[Records from a data source]
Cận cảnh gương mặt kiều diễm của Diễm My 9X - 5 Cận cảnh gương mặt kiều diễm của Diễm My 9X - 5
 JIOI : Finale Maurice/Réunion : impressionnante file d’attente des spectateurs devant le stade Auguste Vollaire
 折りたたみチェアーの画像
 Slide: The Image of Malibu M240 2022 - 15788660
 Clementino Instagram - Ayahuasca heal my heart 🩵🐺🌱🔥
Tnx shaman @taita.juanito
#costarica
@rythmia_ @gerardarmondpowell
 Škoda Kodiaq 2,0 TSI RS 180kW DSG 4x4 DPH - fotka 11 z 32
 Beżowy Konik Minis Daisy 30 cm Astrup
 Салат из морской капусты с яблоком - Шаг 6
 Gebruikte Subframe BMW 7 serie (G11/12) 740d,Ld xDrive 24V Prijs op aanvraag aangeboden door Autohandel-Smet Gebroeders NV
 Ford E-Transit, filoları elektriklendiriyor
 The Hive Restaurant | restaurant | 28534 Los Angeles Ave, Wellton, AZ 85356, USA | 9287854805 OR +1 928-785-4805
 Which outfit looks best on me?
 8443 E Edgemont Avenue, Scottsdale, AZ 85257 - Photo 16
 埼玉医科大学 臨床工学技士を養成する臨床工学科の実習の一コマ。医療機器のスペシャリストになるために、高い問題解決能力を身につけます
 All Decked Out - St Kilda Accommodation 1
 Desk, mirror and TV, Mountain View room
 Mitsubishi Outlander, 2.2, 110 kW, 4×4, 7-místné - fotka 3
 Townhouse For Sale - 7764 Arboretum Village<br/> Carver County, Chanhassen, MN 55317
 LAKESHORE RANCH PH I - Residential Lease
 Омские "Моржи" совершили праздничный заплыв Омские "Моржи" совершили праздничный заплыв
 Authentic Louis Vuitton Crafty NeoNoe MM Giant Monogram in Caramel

__Exercise details__:
Above are the records; copy exactly the lines from the line with "Beżowy Konik Minis Daisy 30 cm Astrup" through the line with "LAKESHORE RANCH PH I - Residential Lease", both included.

__Task result__:
 Beżowy Konik Minis Daisy 30 cm Astrup
 Салат из морской капусты с яблоком - Шаг 6
 Gebruikte Subframe BMW 7 serie (G11/12) 740d,Ld xDrive 24V Prijs op aanvraag aangeboden door Autohandel-Smet Gebroeders NV
 Ford E-Transit, filoları elektriklendiriyor
 The Hive Restaurant | restaurant | 28534 Los Angeles Ave, Wellton, AZ 85356, USA | 9287854805 OR +1 928-785-4805
 Which outfit looks best on me?
 8443 E Edgemont Avenue, Scottsdale, AZ 85257 - Photo 16
 埼玉医科大学 臨床工学技士を養成する臨床工学科の実習の一コマ。医療機器のスペシャリストになるために、高い問題解決能力を身につけます
 All Decked Out - St Kilda Accommodation 1
 Desk, mirror and TV, Mountain View room
 Mitsubishi Outlander, 2.2, 110 kW, 4×4, 7-místné - fotka 3
 Townhouse For Sale - 7764 Arboretum Village<br/> Carver County, Chanhassen, MN 55317
 LAKESHORE RANCH PH I - Residential Lease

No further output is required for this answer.